Some weeks after the German Surgical Congress, Joseph and Agnes Lister, with his brother's family of four, went on a tour of the continent, part of which was planned as a visit to the German hospitals to evaluate the success of antisepsis. After traveling through France and Italy, they journeyed to Munich, Leipzig, Berlin, Halle, and several other cities. Having been embraced by Nussbaum in Munich, they were treated to what their hosts called a "Lister-Banquet" in Leipzig, attended by some 350 professors, physicians, and students. There were many light, bright moments that evening. The guest of honor was entertained by humorous songs written for him, among which was one titled "The Carbolic Acid Tingle-Tangle." Unfortunately for posterity, its lyrics seem not to have been preserved. Professor Karl Thiersch proposed the honoree's health, and pointed out that antisepsis, like so many other great inventions, was in the midst of passing through what he called the three usual stages of discovery: "The first, when the world smiles and shakes its head and says, 'It's all nonsense'; the second with a shrug of the shoulders and a look of contempt, 'It's the merest humbug'; and finally, 'Oh, that's an old story, we knew that long ago."'

The Lancet of June 19, 1875, described the German visit in a way that was incomprehensible to the still-skeptical surgeons of the English-speaking countries: "The progress of Professor Lister through the University towns of Germany, which he is visiting chiefly, we believe, with a view to inquire into the mode in which the antiseptic treatment is carried out in the Continent, has assumed the character of a triumphal march." A similar reception awaited him four years later when he attended the International Congress of Medicine in Amsterdam. He was greeted, according to the British Medical Journal, with "an enthusiasm that knew no bounds," a prolonged standing ovation, and the encomium of the president, Professor Donders: "It is not only our admiration that we offer you, it is our gratitude, and that of the nations to which we belong."

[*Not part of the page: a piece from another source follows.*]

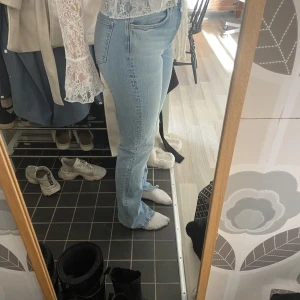 Jeans med split - Bootcut jeans med split 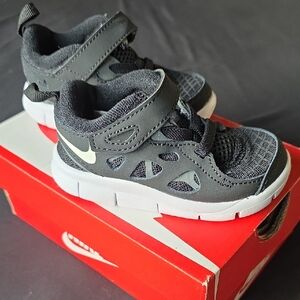 Nike Free Run 2 Sneakers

Nevertheless, Lister's own countrymen remained fixated, like most Americans, at Thiersch's second stage. Although increasing numbers of younger British surgeons were beginning to accept antisepsis, most of the senior professors at the great London teaching hospitals stood stolidly opposed. As long as they remained so, Lister felt that he had not been successful with the group whose endorsement he valued most highly. And then, in 1877, an opportunity presented itself by which the situation might be turned around. Upon the death of its incumbent, Joseph Lister was offered the Chair of Surgery at the Medical School of King's College, London.

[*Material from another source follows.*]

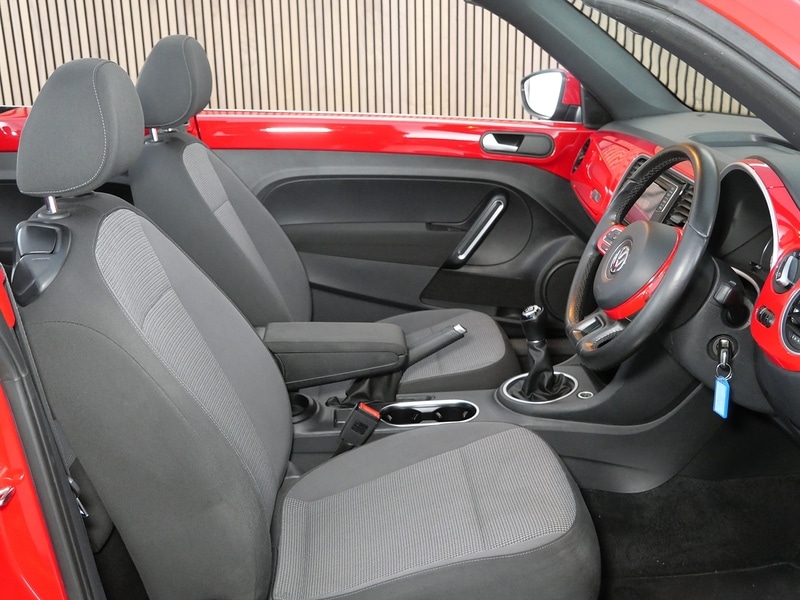 Used Volkswagen Beetle 2016 for sale - 78040245: Photo 30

At first, it seemed inconceivable to his colleagues that he would leave one of the most prestigious schools in the world, as Edinburgh then was, to go to an institution of a decidedly lower caliber. Not only would he be taking a backward step academically, but he would have to give up a thriving private practice, the ample clinical opportunities for patient study at the Royal Infirmary, and his scores of devoted students. In return, he would enter an environment hostile to his teachings and resentful of his ever-growing international fame. When his students learned that their beloved teacher was giving serious consideration to the offer, they presented him with a petition of seven hundred signatures, begging him to remain.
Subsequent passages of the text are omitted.